Each of the six sections triangulates a facet of MDMA research. The first section deals with the history, pharmacokinetics, and the molecular structure of MDMA. In the second section the latest findings on the toxicology of MDMA are presented in a reader-friendly manner. The subsequent sections deal with MDMA research, psychotherapy, culture and the role the molecule plays in clinical settings. Through The Complete Guide one can discover the legal and research status of MDMA internationally, the effects of MDMA on memory, the claims by clergy of the potential for MDMA to incite rapture, and much more.

The Complete Guide displays the wide application of MDMA and the passionate conviction with which its use is supervised. Dr. Holland conducted interviews with Ann and Alexander Shulgin, Emanuel Sferios, Dr. George Greer, Dr. Andrew Weil, Dr. Charles Grob, Rabbi Zalman Schachter, and Rick Doblin, Ph.D. The manifold professions represented in the book speak well of both the exemplary scholarship directed at MDMA and the suppleness of this substance.

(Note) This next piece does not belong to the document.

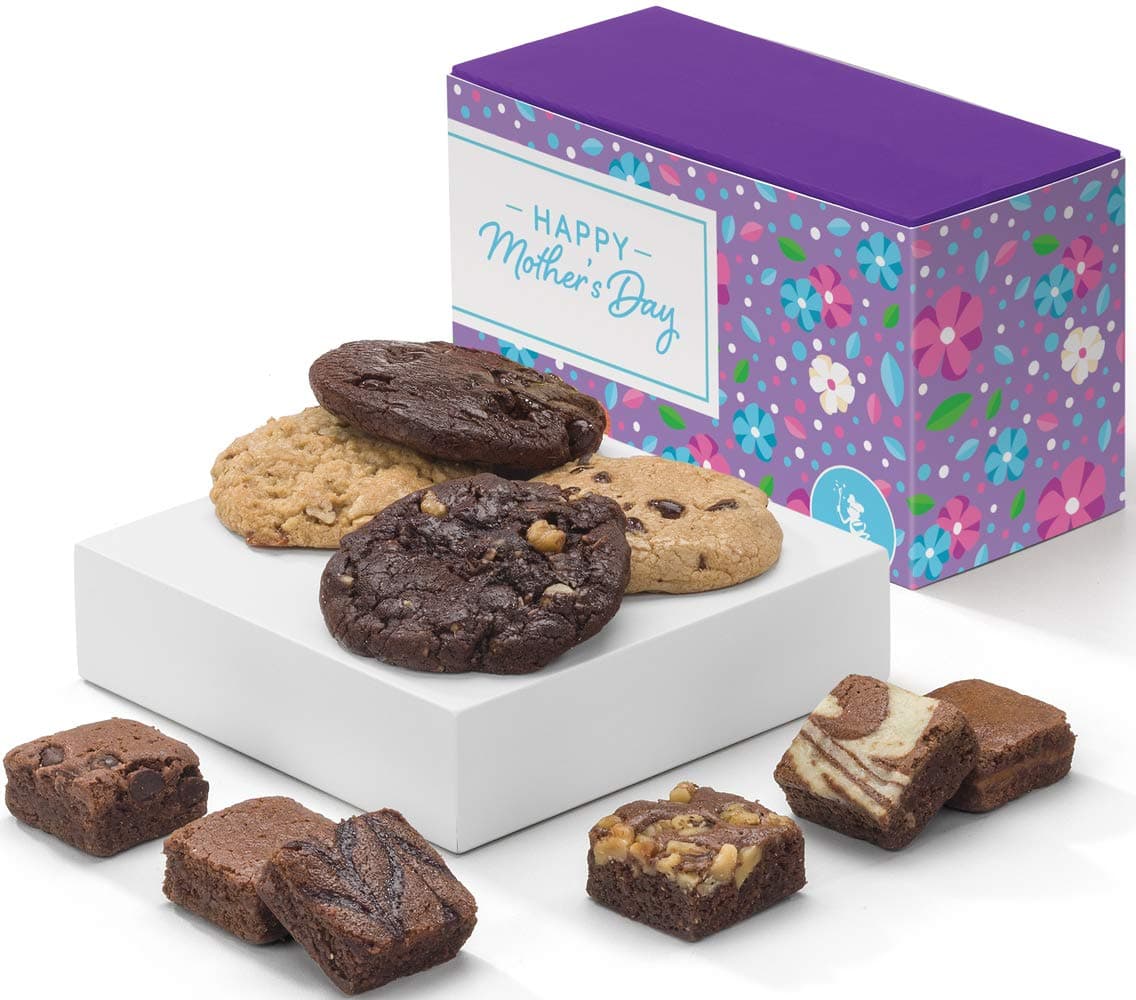 Fairytale Brownies Mother's Day Treasure Cookie & Magic Morsel Combo Individually Wrapped Gourmet Chocolate Food Gift Basket - 1.5 Inch x 1.5 Inch Bite-Size Brownies and 3.25 Inch Cookies - 10 Pieces - Item HM340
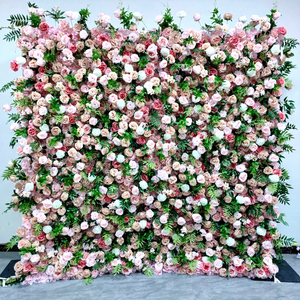 Custom 8*8 ft muro <span class=keywords><strong>di</strong></span> fiori roll up <span class=keywords><strong>di</strong></span> seta artificiale rosa verde fiori appesi sfondo della parete per la festa <span class=keywords><strong>di</strong></span> nozze - Product Image 1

“Pain control” is Dr. Holland’s goal. A psychiatrist at Bellevue Hospital, she is adamant about harm-reduction in two forms. The Complete Guide intends to protect those who may hurt themselves through an abuse of MDMA and support the claim that MDMA is a safe and effective medicine for physical and mental pain. Dr. Holland hopes that The Complete Guide will be the “instruction manual” that will train and educate people in the beneficial use of this potent technology to remedy avoidable suffering.

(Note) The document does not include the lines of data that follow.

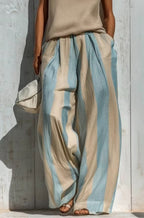 Giselle - Casual Sleeveless Top and Loose Striped Trousers Set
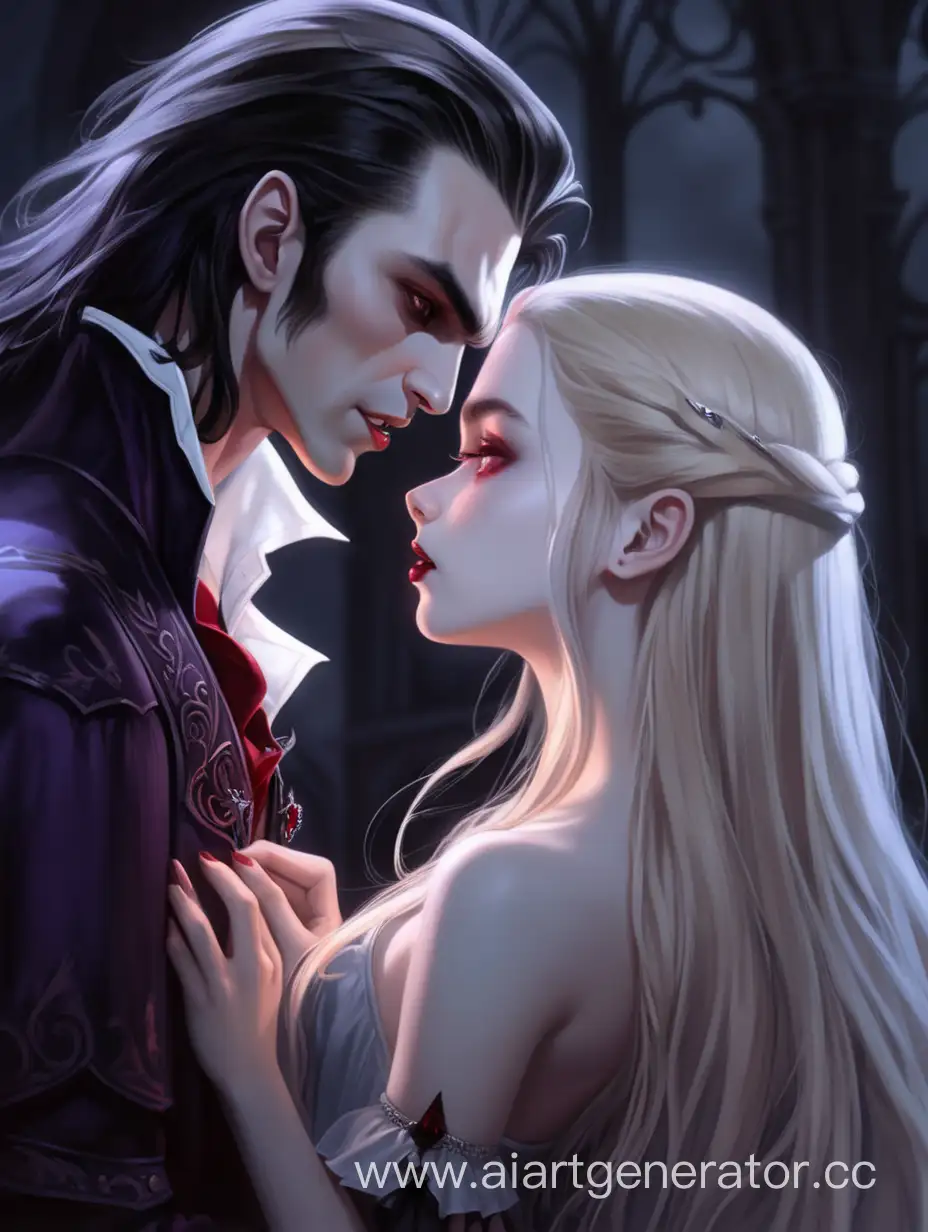 Красивый молодой мужчина вампир обнимает бледную девушку с длинными светлыми волосами 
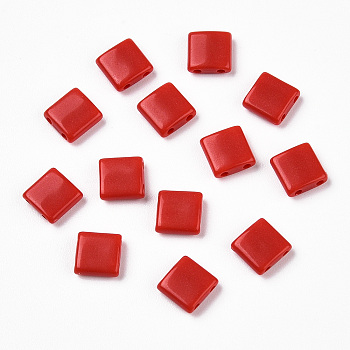 Opaque Acrylic Slide Charms, Square, Red, 5.2x5.2x2mm, Hole: 0.8mm.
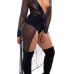 Sexy V Neck Long Sleeves Mesh Patchwork Black One-piece Skinny Jumpsuits Sexy V Neck Long Sleeves Mesh Patchwork Black One-piece Skinny Jumpsuits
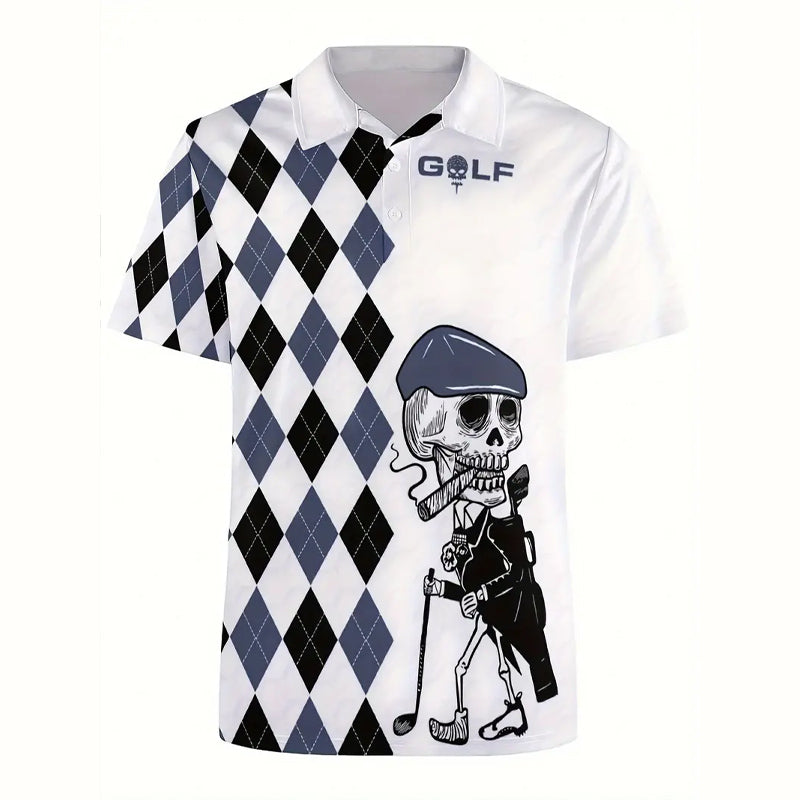 Mens Fashion Skull Graphic Print Golf POLO Shirt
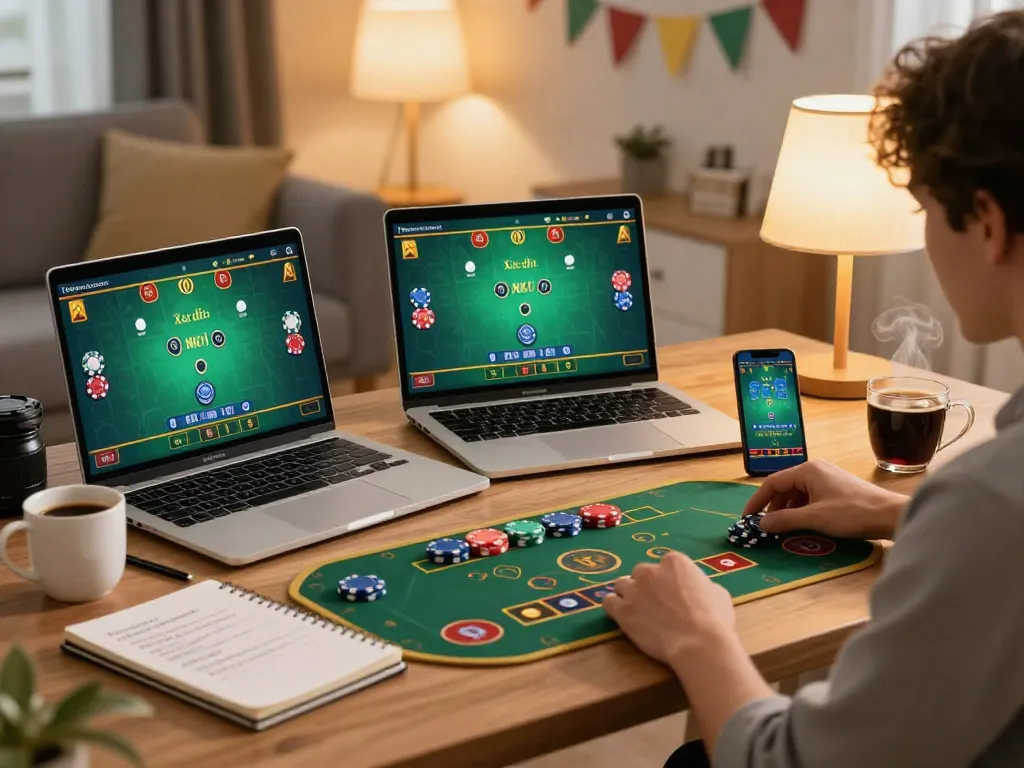 xóc đĩa players enjoying an online game setup, featuring laptops and smartphones with betting options visible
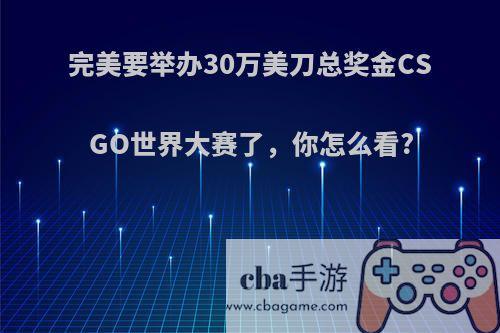 完美要举办30万美刀总奖金CSGO世界大赛了，你怎么看?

If a balance of rigor and compassion is an attribute of medical inquiry, then Dr. Holland of the NYU School of Medicine is an icon. Take for example the Baggott and Mendelson article, “Does MDMA cause Brain Damage?” By claiming that high or repeated doses of MDMA can damage neural functions, the article, besides answering a critical question, evinces how The Complete Guide embraces both the indications and contraindications of MDMA’s benefits. But because Dr. Holland advocates infrequent, efficiently dosed MDMA sessions in the treatment of specific illnesses, Baggott and Mendelson’s findings do not discredit the ideal forwarded by The Complete Guide.

Reading The Complete Guide would be a particularly effective lesson for parents, teachers, and physicians who have been misinformed by 60 Minutes, Oprah, MTV and 20/20. The Complete Guide has the potential to reform abusers of MDMA, educate the prejudiced, and stimulate veteran entheonauts to further explore personal dimensions. By educating the public and state representatives about the therapeutic potentials of MDMA to remedy post-traumatic stress disorder, pain, alienation, depression, spiritual bankruptcy, and schizophrenia, The Complete Guide may contribute to the reformation of MDMA laws and the dissolving of Ecstasy myths.

When finished with the 450 pages it is possible to re-taste that delicious fragment of the emotional center that MDMA awakens. After reading The Complete Guide, one gets the impression that this “soul-penicillin” should be used intentionally and infrequently. Ann Shulgin suggests that one should use MDMA no more then four times a year. Ralph Metzner and Sophia Adamson poetically examine the religious flavor of MDMA when used in sacred spaces. Douglas Rushkoff explores the links between cognitive enhancers, cultural fluorescence, and tribal consciousness.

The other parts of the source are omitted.